The tussle is an extension of a fight that erupted in 2008 when then-County Executive Steve Levy, a foe of police unions, ended police highway patrols. Levy turned them over to sheriff's deputies when a deal to get the state to take over the roads stalled. Levy says the switch saved Suffolk $8 million to $10 million a year because deputies are paid less than the police officers.
With Bellone in office, police see a chance to get the job back. Bellone, whom Suffolk police unions backed strongly in the November election, questioned Levy's savings claims during the campaign and promised to review whether the highway job should be returned to the police.
Some see DeMarco's recent news releases as a pre-emptive strike. "It sounds to me like a marketing ploy," said Paul Sabatino, a former chief deputy county executive under Levy and former legislative counsel. "It's an opening salvo in a battle to win the hearts and minds of Bellone and his administration."
DeMarco said he is simply touting the good work of his deputies, calling his statistics "newsworthy and interesting. The public should know about these things."
Frayler said he wants a review to determine whether deputy overtime costs have risen and other sheriff's functions such as prisoner transport have suffered since deputies took over the highways.
Noting that the county police department was formed in 1960 as a solution to jurisdictional problems among the departments of 10 towns, Frayler also said, "The argument is and always has been that multiple-jurisdiction police doesn't work. . . . The whole reason the Suffolk police department was formed was to get away from multijurisdictional policing."
Levy, seeking to buoy his final budget, inked an agreement in September with the deputy sheriff union to keep them patrolling the two roadways through 2017. In return, the union agreed to defer $4 million of an $8 million salary arbitration award until 2015 -- the year Bellone has to run for re-election.
With Suffolk strapped for cash, county lawmakers did not make an issue of the pact, though critics say any deal affecting deployment of staff or pay requires legislative approval. Legislative Counsel George Nolan called the issue "open to question."
Jon Schneider, a Bellone spokesman, said the county executive's priority is focusing on Suffolk's budget gap and "reforming the police department to deal with gang violence and prescription drug abuse." The highway patrol issue will wait until Bellone names a new police commissioner, but "we will absolutely review it," Schneider said.

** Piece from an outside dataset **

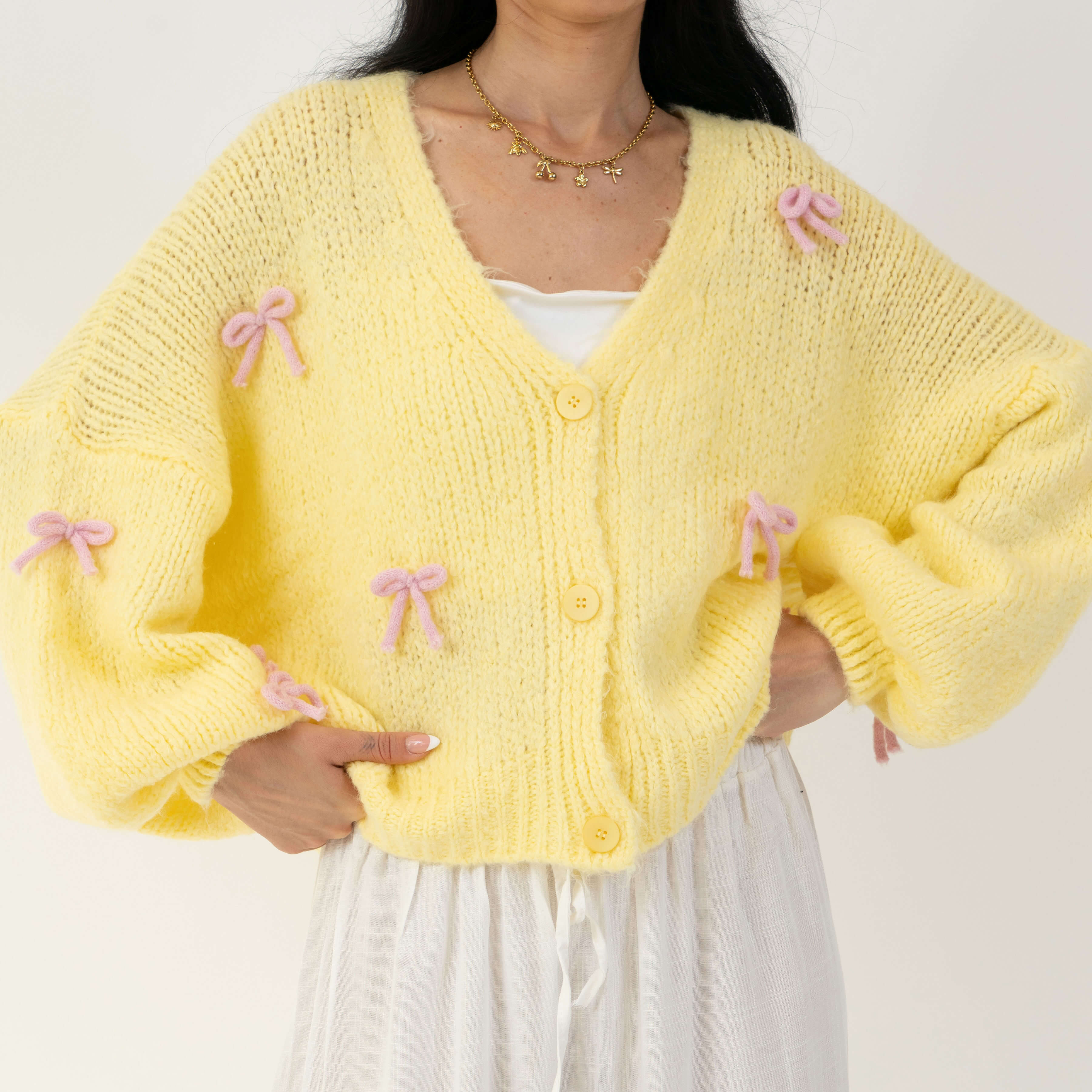 Oversize Mini Schleifen Cardigan - Image 42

John Gallagher, a former Suffolk police commissioner under Levy and previous County Executive Robert Gaffney, said initial police union complaints that deputies' patrols endangered public safety were excessive, noting that other agencies including the State Police already patrol East End highways and state parkways.
"But there is still the inherent problem [of] putting one law enforcement agency in charge of highways that go right down the spine of another agency's jurisdiction. That kind of split never works well," Gallagher said.
Legis. Thomas Barraga (R-West Islip) said the police union already has lost the road war and that Bellone "should not waste one second" revisiting the issue. "The sheriff has proved he can do the job very effectively at less expense. . . . I don't see why there has to be any change," Barraga said.
Deputies vs. police
According to data comparing patrols by the Suffolk sheriff's deputies and Suffolk police on the Long Island Expressway and Sunrise Highway:
TRAFFIC TICKETS: In their final 12 months of highway patrols in 2007 and 2008, Suffolk police issued 36,790 summonses -- more than twice the 17,171 that sheriff's deputies wrote in 2011.
FATALITIES: Under police patrols, traffic fatalities between Sept. 15, 2005, and Sept. 15, 2008 -- the date that the deputies took over the highways -- were 27. Under deputy patrols, 19 fatalities occurred between Sept. 15, 2008, and Sept. 15, 2011.
DWI: Deputies made 417 DWI arrests between Sept. 15, 2010, and Sept. 15, 2011, compared to 293 by the police in its last 12 months on the highways. In other years, deputies' DWI arrests were more in line with the final police data; deputies made 294 DWI arrests in 2010 and 308 in 2009.